The testimony tends to show that the proposed dam at the present will serve the purposes of a diversion dam for the Columbia Basin Project, the improvement o'f navigation by creating a lake 150 miles long, running from the dam to the Canadian Border and by regulation of the low flow of the river and increasing “it, will improve navigation all the way from the *106 dam site to the Coast; that the foundation, including construction of 200 feet below the high-water line of the river, is necessary before any head can be secured for power development purposes. The cost of putting in the foundation before any head is secured for power development purposes is about $60,000,000. The completed structure will cost $197,000,000. The nearest tribal land of the Colville Indian Reservation is half a mile above the dam. This reservation extends along the side of the river for over 100 miles. It is not possible to construct a dam at that site without flooding both the allotted and the tribal lands of the Colville Indian Reservation. The Spokane Indian Reservation land will likewise be flooded by the back waters.

The Rivers and Harbors Act of August 30, 1935 (49 Stat. 1039), then pending before Congress and which shortly became a law, contained this provision: “That for the purpose of controlling floods, improving navigation, regulating the flow of the streams of the United States, providing for storage and for the delivery of the stored waters thereof, for the reclamation of public lands and Indian reservations, and other beneficial uses, and for the generation of electric energy as a means of financially aiding and assisting such undertakings, the projects known as ‘Parker Dam’ on the Colorado River and ‘Grand Coulee Dam’ on the Columbia River, are hereby authorized and adopted, and all contracts and agreements which have been executed in connection therewith are hereby validated and ratified, and the President, acting through such agents as he may designate, is hereby authorized to construct, operate, and maintain dams, structures, canals, and incidental works necessary to such projects, and in connection therewith to make and enter into any and all necessary contracts including contracts amendatory of or supplemental to those hereby validated and ratified.” Section 2.

It was stipulated at the trial that the back water from the Grand Coulee Dam now under construction will flood about 18,000 acres of privately owned land, divided into 600 tracts and in 900 different ownerships, also some public lands of the United States, including both tribal and allotted lands. That prior to commencing this proceeding the Columbia Basin Commission secured a permit to appropriate under’the state law 100,000 second feet of the water, of the Columbia river for use in connection with the Columbia Basin Project, and it will assign such permit to the United States for the purposes of this project.

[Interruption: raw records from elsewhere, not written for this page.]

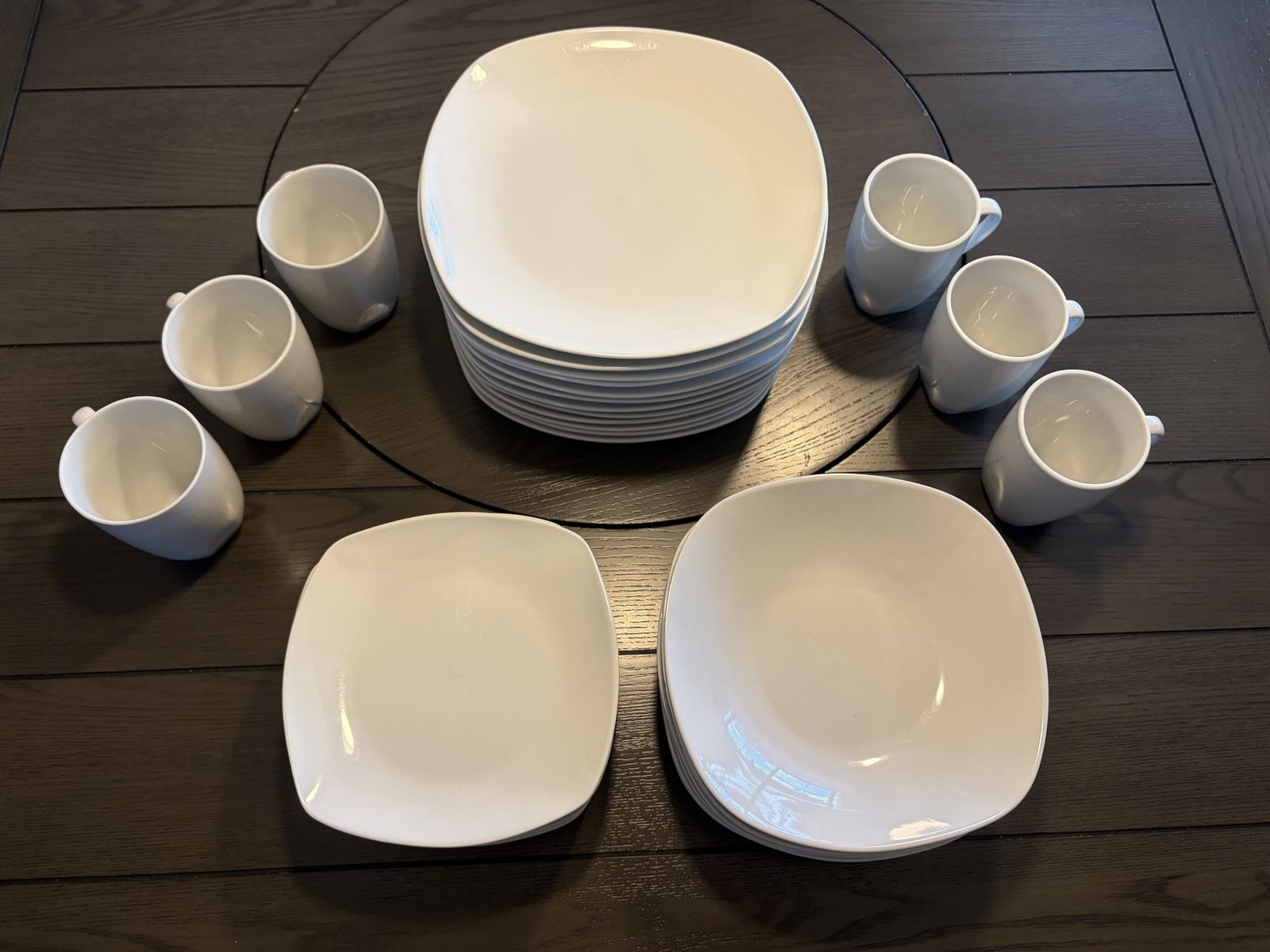 Tabletops Gallery Quinto White Square Dinnerware Set - Plates, Bowls, Mugs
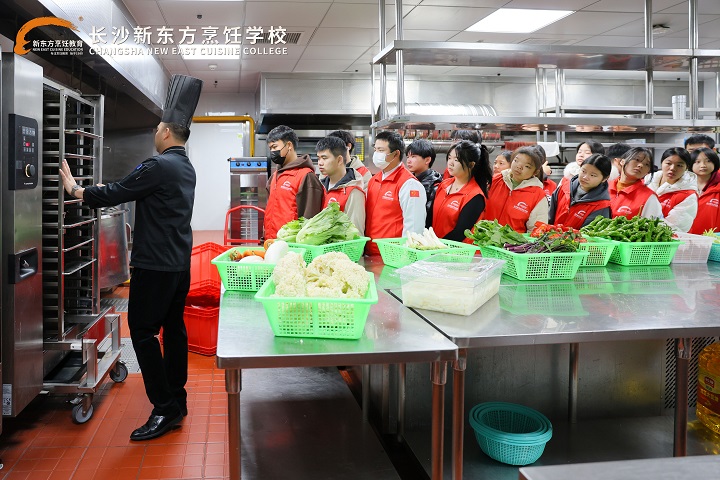 長沙新東方學(xué)子走進世景廣場皇冠假日酒店參觀學(xué)習(xí)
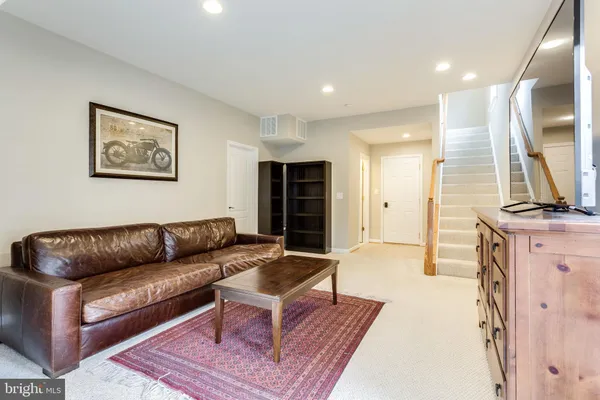 $3,600 | 43011 Marburg Terrace, Broadlands, VA 20148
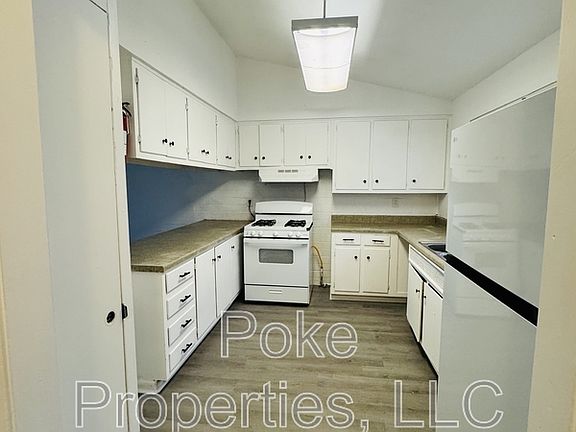 2nd image of 842 Jacox Ln Unit A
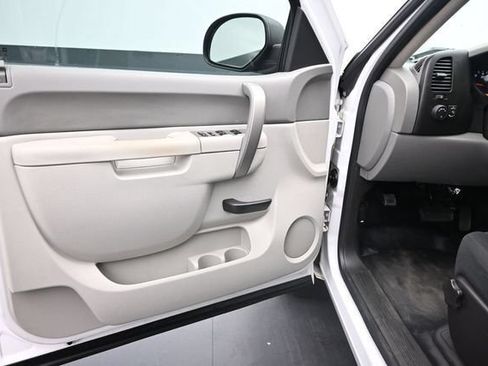 Used 2012 GMC Sierra 1500 W/T RWD image 15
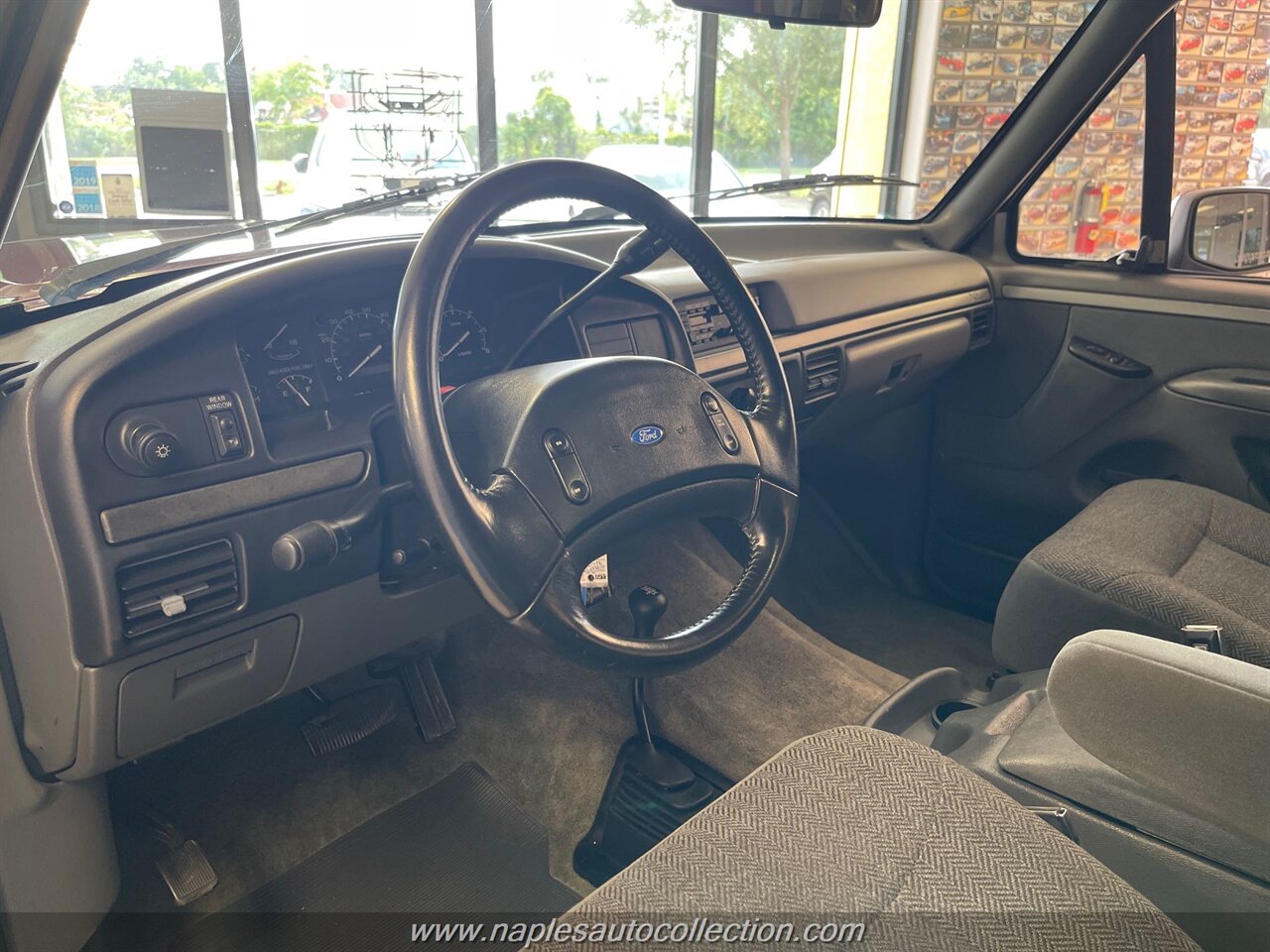 1993 Ford Bronco XLT 2dr XLT   - Photo 11 - Fort Myers, FL 33967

That the lands which will be flooded by the back waters of the dam also include uplands and riparian lands of the state of Washington, and lands in the bed of the stream. That on January 4, 1934, the Secretary of the Interior filed with the State Commissioner of Public Lands of the State of Washington a list showing the various tracts of state lands to be used in whole or in part for the purposes of said project; and that the dam, for all purposes, is situate on the only feasible dam site on the Columbia river.

The physical structure of the river bed adjoining the lands is a granite formation and entirely suitable for a dam. The banks of the river have a particularly suitable granite formation.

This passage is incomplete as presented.